> [Records supplied]:
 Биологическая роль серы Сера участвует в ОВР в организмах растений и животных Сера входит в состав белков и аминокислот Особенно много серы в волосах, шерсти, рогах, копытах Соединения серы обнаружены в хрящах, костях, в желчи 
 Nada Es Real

==

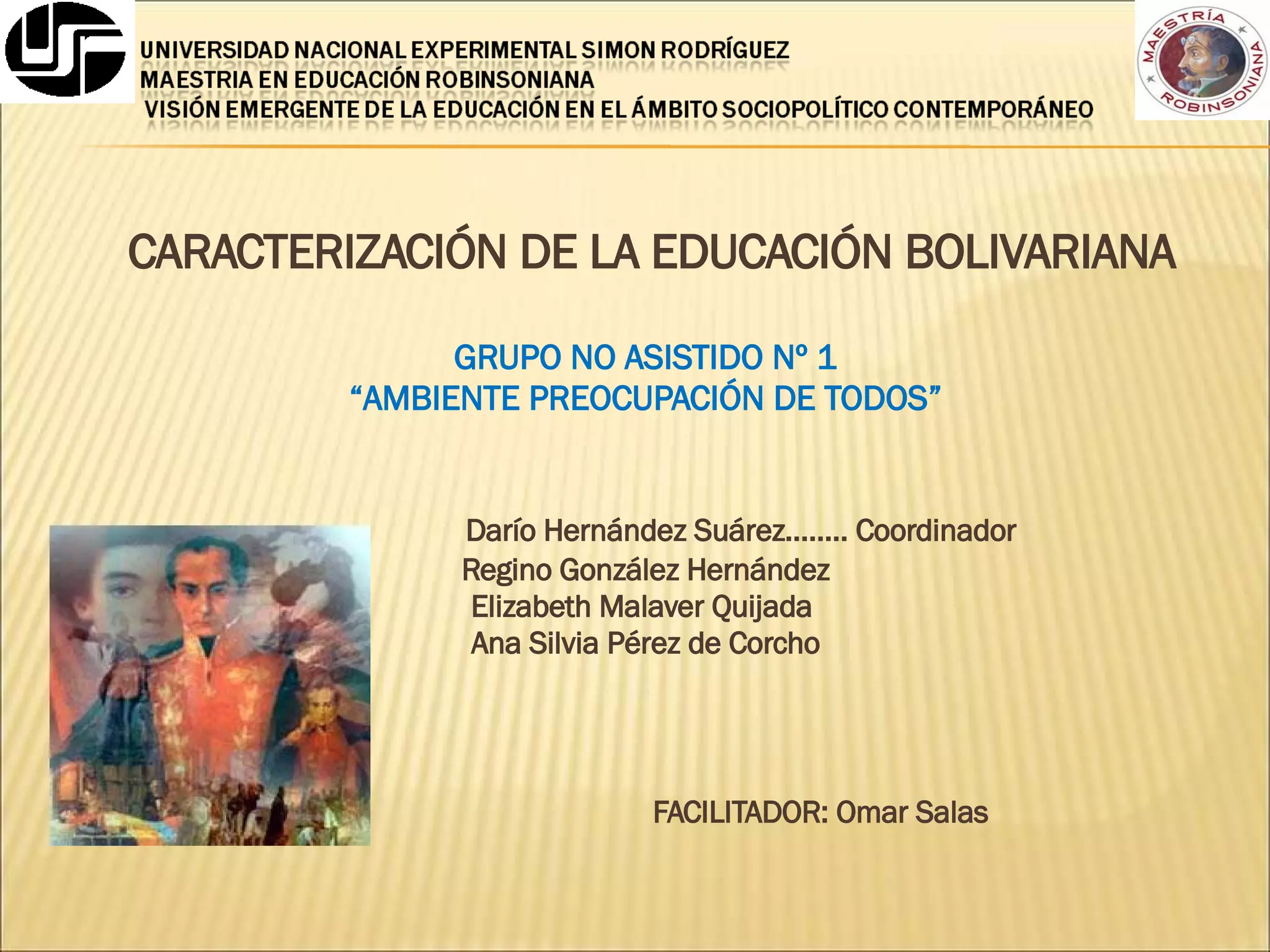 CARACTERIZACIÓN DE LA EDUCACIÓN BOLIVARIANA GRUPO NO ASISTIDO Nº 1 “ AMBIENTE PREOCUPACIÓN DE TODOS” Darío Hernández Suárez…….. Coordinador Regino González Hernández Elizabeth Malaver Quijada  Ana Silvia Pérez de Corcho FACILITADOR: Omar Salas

> [Directions]: Transcribe each line of the data above, unaltered, from the one where "Биологическая роль серы" appears to the one where "Nada Es Real" appears, inclusive of both.

> [Task answer]:
 Биологическая роль серы Сера участвует в ОВР в организмах растений и животных Сера входит в состав белков и аминокислот Особенно много серы в волосах, шерсти, рогах, копытах Соединения серы обнаружены в хрящах, костях, в желчи 
 Nada Es Real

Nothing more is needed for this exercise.